Two alumni of the Vanderbilt University School of Medicine Master of Public Health (MPH) program have been awarded highly competitive fellowships with the Global Health Corps (GHC).
Grace Umutesi, MPH, and Shellese Shemwell, MPH, will work in Rwanda during the upcoming year.
GHC is a nonprofit leadership development organization based in New York City that provides year-long fellowships for young professionals with organizations promoting health equity in East Africa, Southern Africa and the United States.
The focus is on strengthening health systems and improving health outcomes in impoverished communities. Since its founding in 2009, GHC has deployed 900 fellows to work in seven countries.
Umutesi, who is from Rwanda, formerly was associate program manager for the Department of Anesthesiology. She coordinated the Vanderbilt International Anesthesia Program and the ImPACT Africa Program, which focus on improving anesthesia care, training and research in low resource settings.
Umutesi’s MPH Program practicum included a fellowship in the Global Immunization Division of the U.S. Centers for Disease Control and Prevention, where she won an award for Excellence in Public Health Protection.
From this fellowship she also co-authored a paper published in February by the New England Journal of Medicine on fractional-dose vaccination during a 2016 yellow fever outbreak in Angola and the Democratic Republic of Congo.

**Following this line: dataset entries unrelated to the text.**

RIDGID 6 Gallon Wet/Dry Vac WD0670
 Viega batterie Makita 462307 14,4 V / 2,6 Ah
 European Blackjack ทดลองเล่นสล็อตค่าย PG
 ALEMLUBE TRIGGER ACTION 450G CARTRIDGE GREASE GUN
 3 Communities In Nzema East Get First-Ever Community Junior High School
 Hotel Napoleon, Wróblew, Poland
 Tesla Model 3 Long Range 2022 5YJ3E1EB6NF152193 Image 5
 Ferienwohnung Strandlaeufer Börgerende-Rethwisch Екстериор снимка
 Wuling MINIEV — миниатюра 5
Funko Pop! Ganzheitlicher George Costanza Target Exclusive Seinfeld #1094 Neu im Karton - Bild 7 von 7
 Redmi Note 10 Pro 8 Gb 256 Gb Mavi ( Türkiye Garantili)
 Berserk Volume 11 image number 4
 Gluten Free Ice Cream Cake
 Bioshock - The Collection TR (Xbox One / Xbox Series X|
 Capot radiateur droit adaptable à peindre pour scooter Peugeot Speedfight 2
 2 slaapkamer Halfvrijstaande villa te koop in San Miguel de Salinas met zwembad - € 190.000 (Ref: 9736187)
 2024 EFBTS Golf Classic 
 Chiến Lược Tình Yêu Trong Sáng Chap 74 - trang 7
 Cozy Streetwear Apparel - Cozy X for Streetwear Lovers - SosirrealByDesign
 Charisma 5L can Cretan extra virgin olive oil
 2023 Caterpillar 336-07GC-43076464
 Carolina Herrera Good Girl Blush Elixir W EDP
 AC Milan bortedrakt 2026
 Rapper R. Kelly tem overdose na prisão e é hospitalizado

Shemwell, a Kentucky native, designed and implemented a survey while working on her MPH to measure social and economic determinants of health for participants of a microenterprise program in Haiti.
After graduation, Shemwell interned at the World Health Organization headquarters in Geneva, Switzerland, where she helped develop an immunization survey training curriculum for epidemiologists and statisticians.
She also co-authored a paper on determinants of full immunization status among children under age 2 in Mozambique that was published last year by the journal International Health.